Get to know your college: Associate Professor Karla Canuto

Associate Professor in Aboriginal and Torres Strait Islander Health, Karla Canuto is one of a handful of new additions to the Flinders University Rural and Remote Health NT team. Karla is a Torres Strait Islander, a descendant of the Naghir tribe of the Kulkalgul clan and has focused her area of research around the health and wellbeing of Aboriginal and Torres Strait Islander peoples.

“As a Torres Strait Islander, I’m very concerned about the health inequities that Aboriginal and Torres Strait Islander peoples experience and I want to be part of the solution,” Karla said.

“I guess the perspective I bring to my work due to my family, my upbringing and the mentorship I’ve received from so many great Aboriginal and Torres Strait Islander leaders over the years helps me every day in my job.

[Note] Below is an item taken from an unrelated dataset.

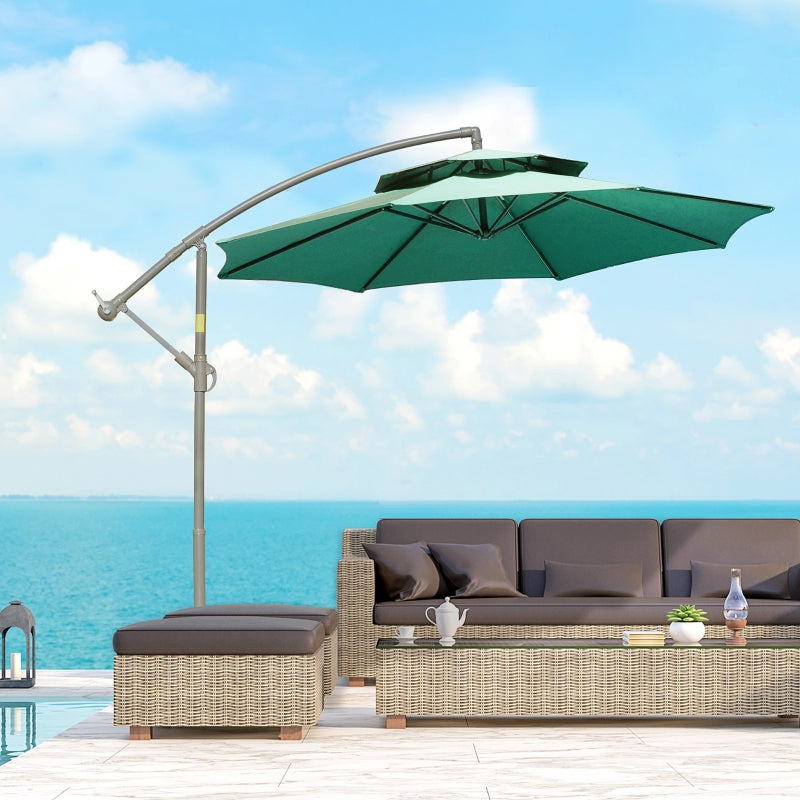 Green Double Tier Cantilever Patio Umbrella with Crank Handle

Besides, I was a terrible waitress so a career in health research made a lot more sense.”

While Karla has worked on many important research projects, her PhD is one project that she is most proud of.

“I guess I’m most proud of it because it was an upscaling of a short eight-week physical activity challenge that I had run on Thursday Island with the help of my allied health friends and colleagues, Marissa Arnot and Danielle Charles,” Karla said.

“Thanks to some heavy hitting chief investigators, we successfully attracted over $500,000 of project funding from the National Health and Medical Research Council for it.

“I designed an improved 12-week version of the program and we delivered it in Adelaide as a pragmatic randomised controlled trial with waitlisted controls.

“It was a huge piece of work, but I was lucky to have an amazing advisory group of local Aboriginal and Torres Strait Islander women and investigators on the grant. “Importantly the local women who joined the program as participants were an enormous inspiration to run a great program, evaluate it well and have the research make a difference.”

Karla and her husband, Associate Professor Kootsy Canuto, who also works for Flinders University are both happy to be in the warmth of the NT and hope to make the most of their time when the dry season arrives by going camping and fishing.